Joplin-area residents who have not yet filled out a 2020 census form are asked to get that done soon because the counting period will end Sept. 30.

"We only get to do this every 10 years, so now is your chance," said Ashley Micklethwaite, the executive director of One Joplin, a community organization that is spearheading the Joplin census drive. "If you have not completed the census, please do so."

The census is used to determine how much local governments receive in federal funding that totals $1.5 trillion.

The counts also are used in determining the number of U.S. House of Representatives members each state has, which then can also require changing the boundary lines of congressional districts.

An incomplete count of those who live in Joplin could cause local governments and organizations to see a reduction in the grant funding from the federal government and other providers, Micklethwaite said.
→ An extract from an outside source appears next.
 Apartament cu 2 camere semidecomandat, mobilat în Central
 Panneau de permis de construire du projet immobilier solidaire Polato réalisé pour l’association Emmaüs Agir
"For everyone that responds, it means about $1,300 that comes back to our community every year," she said. One estimate, she said, suggests that Joplin could lose about $30 million because of people failing to return census forms.

"If we don't meet our mark, we won't get that money because there is only so much money in the federal pie to divide up," she said. "So money that could have come to our community might be going to Iowa or South Dakota. They tend to report early and accurately."

"We want our money to come back for Joplin citizens," she said, "because we all use these services."

As examples, she said federal funds help support meal delivery for homebound senior citizens, school breakfasts and lunches, and construction and maintenance of roads.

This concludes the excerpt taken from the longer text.